I came from an all boys school to Telopea at the beginning of 1967. I'd heard rumours of the louche environment. I knew of many chaps who had been educated at the illustrious feeder schools for Telopea such as Yarralumla Primary and Forrest Primary. I also had wind of strange personages called girls who frequented the corridors of this place of erudition.
On my first day I wore the uniform. Those strange grey flannel trousers, a blue shirt, nylon I recall, a blue tie with red and gold stripes, a blue blazer with the school crest, and black shoes. I had the smalls as well but, unlike those worn by others, they were never removed within the school precincts.
I collected my text books from somewhere near the feared den of McPherson, went through some form of orientation and was then set loose to find my way to my first class. I had to navigate my way up those stairs which fed from the bottom of the quadrangle into that strange place where useless subjects like maths and science were taught. It was recess. Was that what it was called? I want to call it play lunch but that would be a reflection on my regressed state of mind.
I was the only one ascending. I was balancing a pile of books in my arms. It seemed like the whole school was coming down the stairs. They spotted me, those feeder school boys. They must have seen the fear in my eyes. I got close to the top and then the bump came. Simple really. A welcome to Telopea jolt. The books went everywhere along with my ego.
Over the next two years I landed safely into the care of people who have since shaped my life. Some of them remain very close.

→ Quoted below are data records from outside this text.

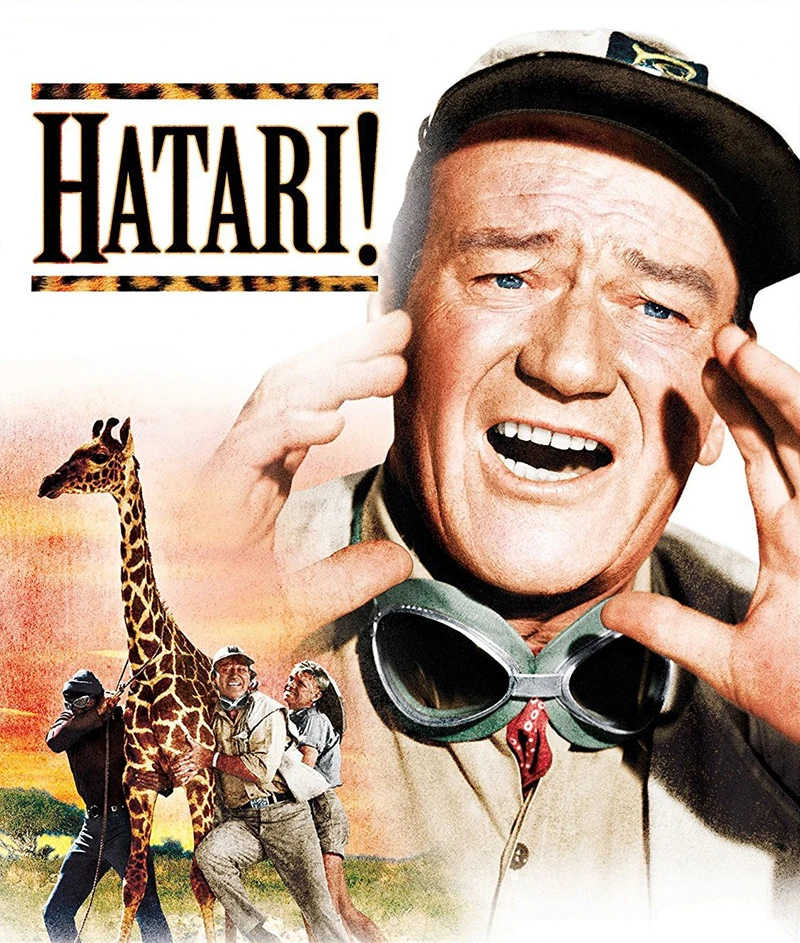 HATARI Film John Wayne Elsa Martinelli Rode Knoppen Hardy Kruger ZIJDE POSTER Wandverf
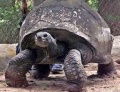 Thumbnail for version as of 08:04, 18 November 2012
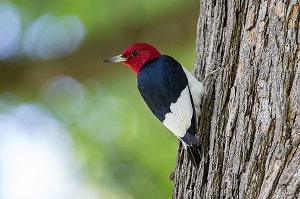 northern-michigan-woodpeckers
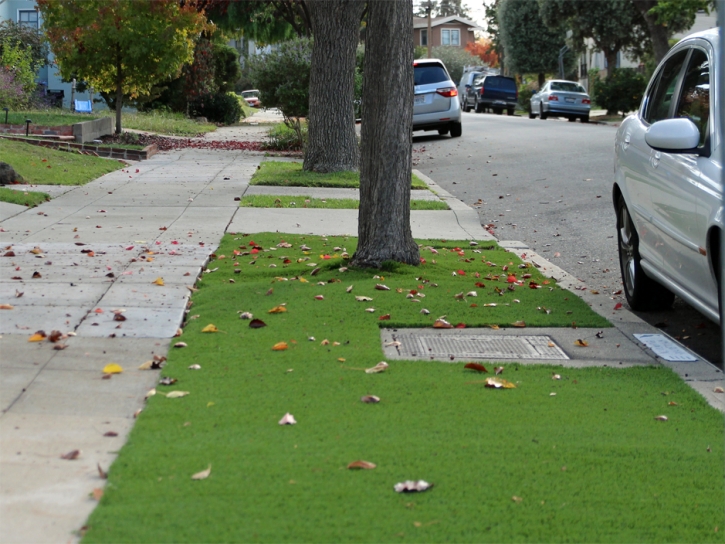 Artificial Turf Mortmar California Lawn Front Yard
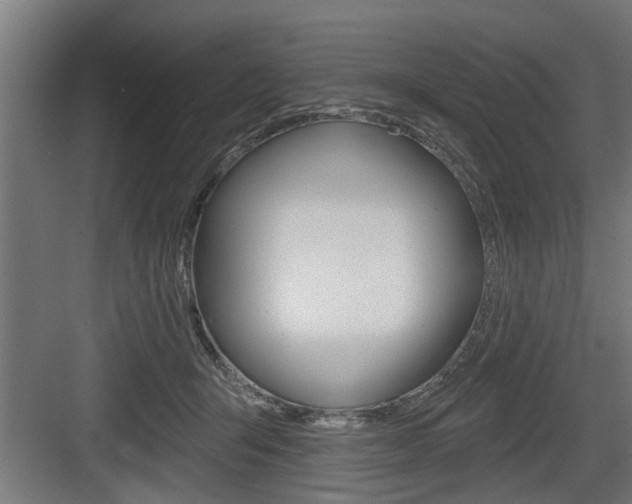 X0000083610415200702120729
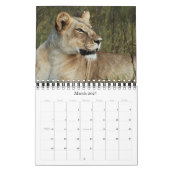 Calendars 2011 - Wilde Afrika - klein formaat Kalender (Mar 2027)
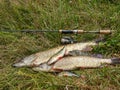 Pike and perch caught by the angler lie on the bank of the river, next to the rod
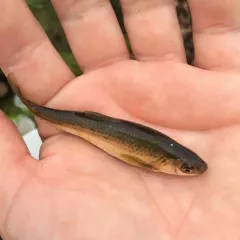 Brassy Minnow thumbnail 2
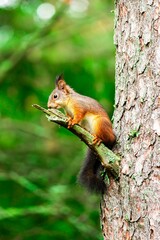 Cute Squirrel on the Tree stem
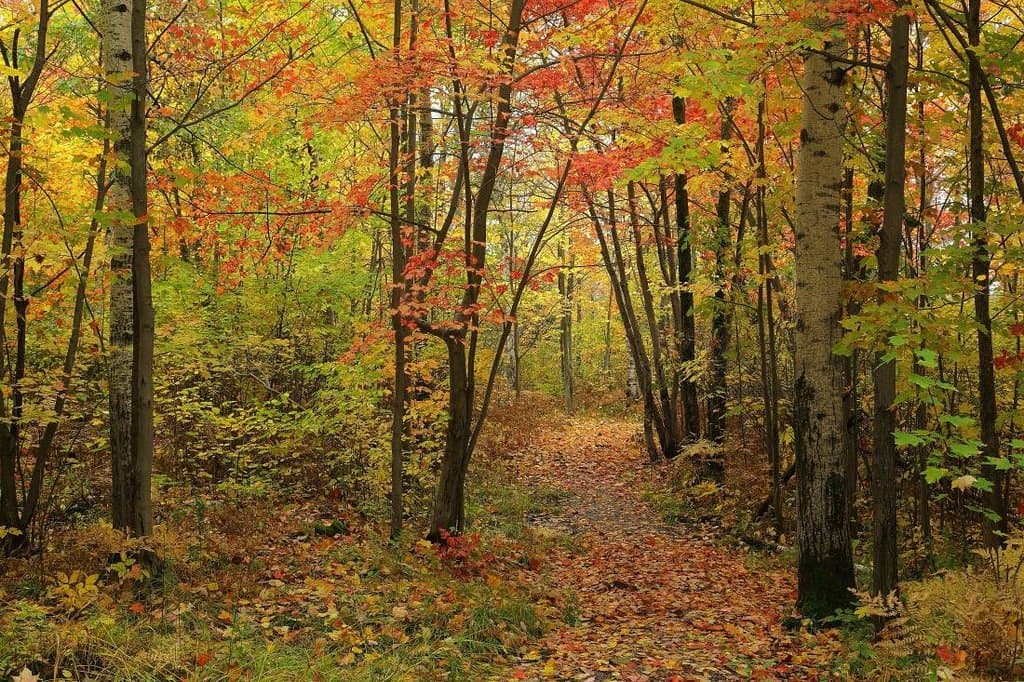 Autumn colours along main trail of Laurier Woods CA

Never a day goes by when I don't get an email from Stan Bakker. He knows I need some laughter to keep me going, so he sends me everything from the sublime to the ridiculous. He did the very same on my first day at Telopea when I felt mortified by my staircase experience. He took me out into the quadrangle and embarrassed me by making me feel special. He pushed me down into the tarmac and farted on my head.
Pete Thompson was very jealous of me because I was the only one in the whole class who was not the subject of interest from, you know, girls. He was, by his own account, inundated with propositions. We shared houses after school. I became his chauffeur. He now manages my wallet.

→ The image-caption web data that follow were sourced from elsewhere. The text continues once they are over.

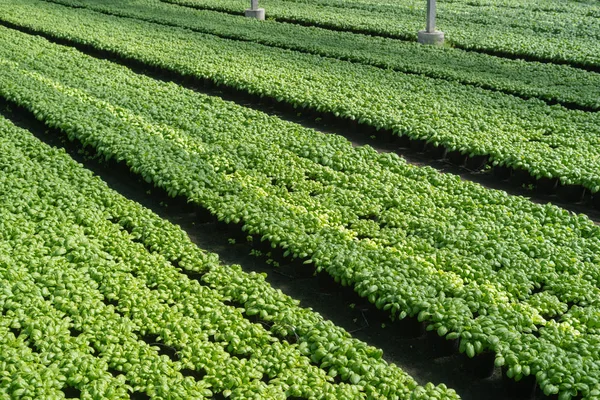 Albahaca cultivada en invernadero — Foto de Stock
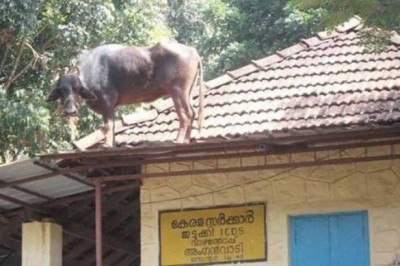 Корова на крыше дома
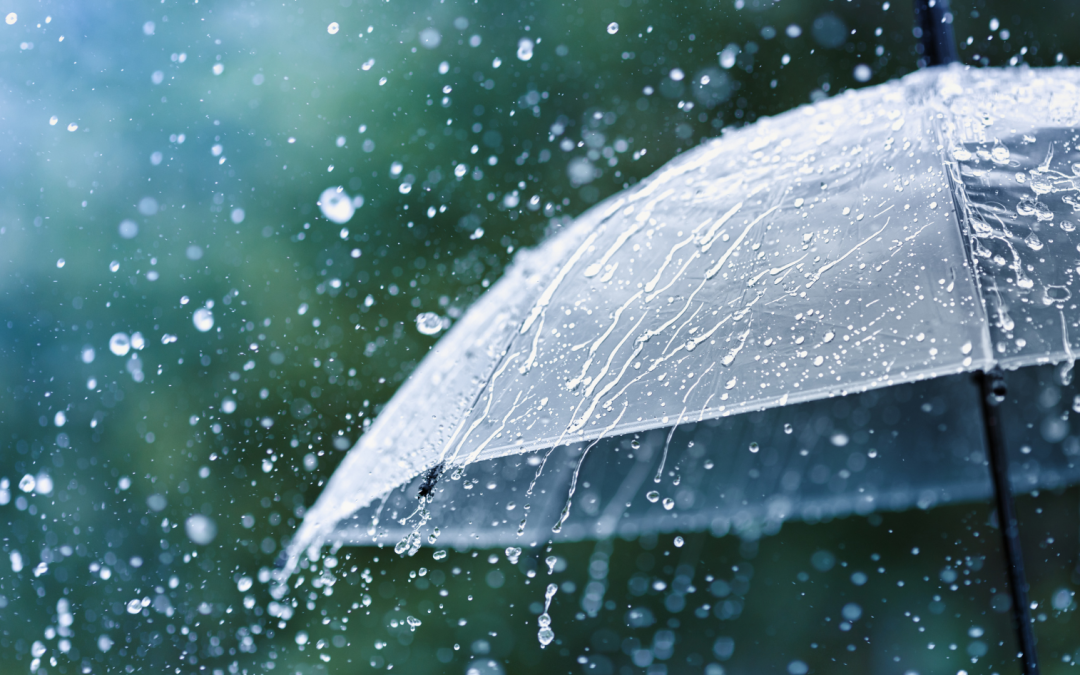 The Growing Risks of Variable Rainfall Caused by Climate Change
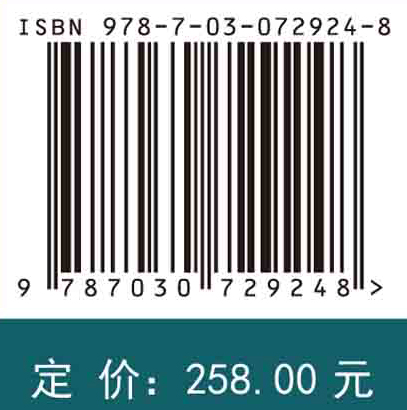 铝电池原理与技术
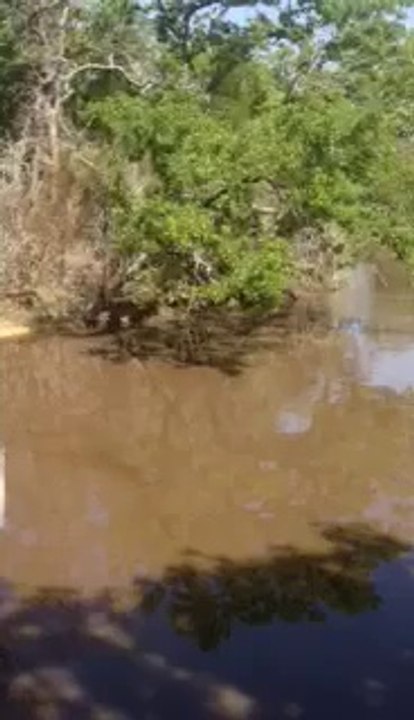 Milam Raemsch: Video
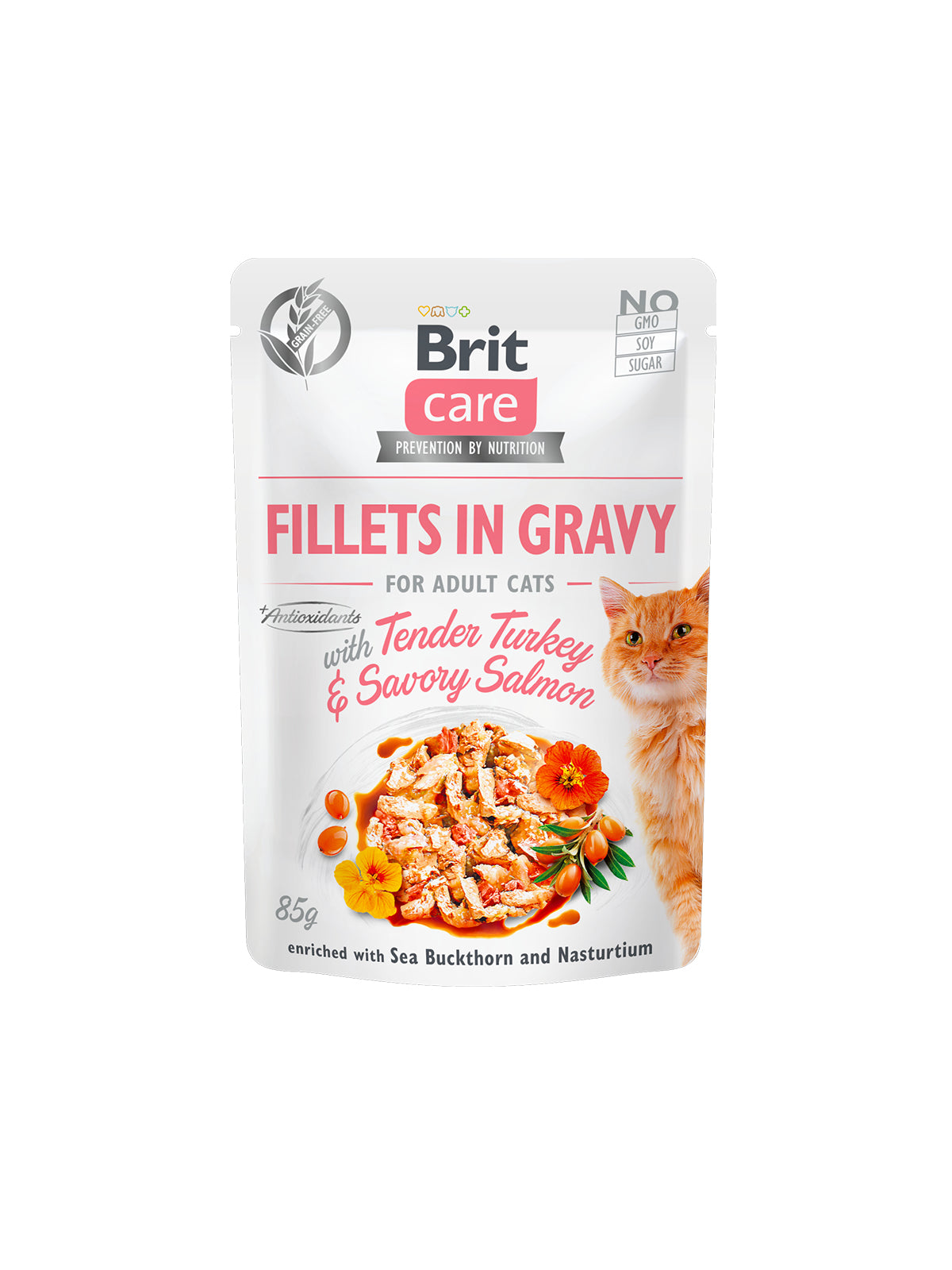 Brit wet food turkey 85g Brand Brit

I fell in love with Bridget Whitelaw soon after my arrival. She fell into toleration of me. I would fawn at her feet like one of Aphrodite's minions. To be in her presence was to float on a cloud. Years passed. I was in her presence just a month or two before she died. Alas, because of her condition she had no memory of those heady Telopea days. Her piercing intelligence lives on in her children, some of whom I see in the summer when they come to the family beach house. She remains my muse.
The inimitable Peter Murphy and I sit on the edge of a Marine Park on the South Coast and lament our failure to seduce the sirens of the school. The fact that we both live alone after forty plus years is testament to the wisdom and judgement shown by those very sirens at such an early age when our clumsy advances were brushed aside.

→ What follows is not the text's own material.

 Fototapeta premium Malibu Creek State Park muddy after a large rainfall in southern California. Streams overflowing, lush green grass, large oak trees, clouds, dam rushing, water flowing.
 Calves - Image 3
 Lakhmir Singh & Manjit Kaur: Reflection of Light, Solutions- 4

The deepest and abiding gift of that time however was the sense of elation at being let loose in a sea of creativity. There were myriad currents and every one of them was filled with genius.
The intellectual current was dominated by women and my attempts at surfing it resulted in my deserved role of subservience to the doyennes of cultured analysis. Names like Scollay, Falk and Storey leap at me from the recesses of my memory.
I could never compete in the sporting environment where excellence was a byword. The best rowers, hockey players, footballers, tennis players gathered in that place and the males among them would strut their stuff at lunch time on the oval, kicking a football from end to end. MacDonald ruled. McAppion, Duffy, Vanderglas, Engledow and Bain thought that they should have. Yeats and I sensibly sat under the trees, me smoking Viscount cigarettes, he planning his conquest of the beautiful Jennifer Hendy. Escape was readily available in the Pollard motor car. Was there a Rudowski car as well, or was that the Pollard car?
There were artists and musicians. Ian Kerr rivaled Victor Borge with his errant pianism during assemblies. Slater, Ploy and Rabbit Wright introduced me to Otis Redding and BB King which could be ordered through Bourchier's dad's music store. Barnes taught me the art of gate crashing Grammar girls' parties. Deane ensured that I didn't lose my way, and kept me sweet with the intelligentsia.
What greater education can a school offer to an errant ne'er do well? As I soar on the eddies of nostalgia I wonder what happened to those other ninety or so people with whom I lived through those two special years.